Auteur : Finian Cunningham | Editeur : Walt | Jeudi, 14 Déc. 2017 - 21h44

Vraiment, ils sont sans vergogne. Après que les États-Unis demandent à RT America de s’enregistrer en tant qu’agent étranger, l’UE et les États-Unis protestent quand la Russie ordonne à Radio Free Europe, de la CIA, de faire de même en Russie.

C’est tellement effrontément hypocrite, que ça pourrait être une blague. Les États-Unis et l’Union européenne se sont empressés de condamner les nouvelles lois russes sur les médias qui restreignent les entités étrangères.

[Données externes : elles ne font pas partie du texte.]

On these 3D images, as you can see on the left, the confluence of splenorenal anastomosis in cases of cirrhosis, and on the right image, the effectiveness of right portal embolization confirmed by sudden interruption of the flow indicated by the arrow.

Dans le même temps, ils assument unilatéralement le droit de pourchasser les médias russes accusés d’être des agents étrangers.

Voilà la mentalité arrogante : faites ce que je dis mais pas ce que je fais.

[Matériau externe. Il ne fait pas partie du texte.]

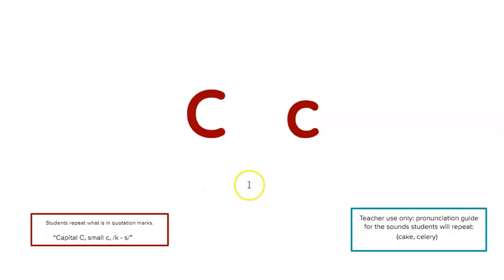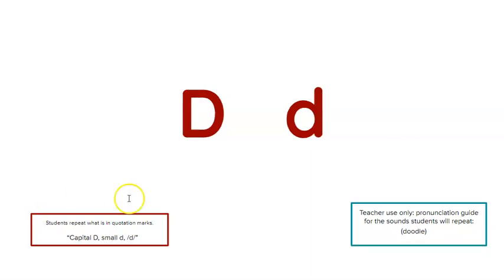Capital C, small c, k, s. Repeat. Capital D, small d, d. Repeat.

Lorsque le président russe Vladimir Poutine a signé le décret sur la nouvelle législation le week-end dernier, le Kremlin a décrit les mesures comme une « réponse symétrique »aux agissements des États-Unis, au début du mois, obligeant le radiodiffuseur public russe Russia Today à s’enregistrer en tant qu’agent étranger.

Selon la nouvelle loi russe, tout média d’information étranger opérant en Russie peut être contraint à s’inscrire en tant qu’entité étrangère, divulguant des détails sur ses activités financières et journalistiques, de la même façon que la filiale de Russia Today en Amérique a été astreinte par le Département de la Justice à le faire.

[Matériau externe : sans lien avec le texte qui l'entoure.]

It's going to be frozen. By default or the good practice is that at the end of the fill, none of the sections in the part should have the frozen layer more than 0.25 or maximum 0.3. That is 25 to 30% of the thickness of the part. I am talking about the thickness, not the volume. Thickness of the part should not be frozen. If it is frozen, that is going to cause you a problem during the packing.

Aucune organisation de presse occidentale n’a encore été affectée par les nouvelles lois russes, mais il y a des informations annonçant que Radio Free Europe et la Voix de l’Amérique sont des cibles potentielles. La loi russe ne semble pas faire la distinction entre les médias privés et publics. La chaîne de télévision par câble américaine CNN, ainsi que le média public allemand Deutsche Welle, ont également été signalés comme cibles possibles en vertu de la nouvelle loi sur l’enregistrement des médias.

Les réactions des États-Unis et de l’UE révèlent un cas stupéfiant de double standard :

John Lansing, chef du Bureau US des gouverneurs de la radiodiffusion, qui contrôle Radio Free Europe et Voice of America, a déclaré que « toute caractérisation de telles mesures comme une réciprocité pour les actions américaines fausse gravement la réalité ».

La porte-parole de l’UE, Maja Kocijancic, a dit que la « législation du Kremlin va à l’encontre des obligations et des engagements de la Russie en matière de droits de l’homme ».

Elle a ajouté que la loi est « une menace supplémentaire pour les médias libres et indépendants et pour  l’accès à l’information » et « encore une autre tentative de réduire l’espace pour des voix indépendantes en Russie ».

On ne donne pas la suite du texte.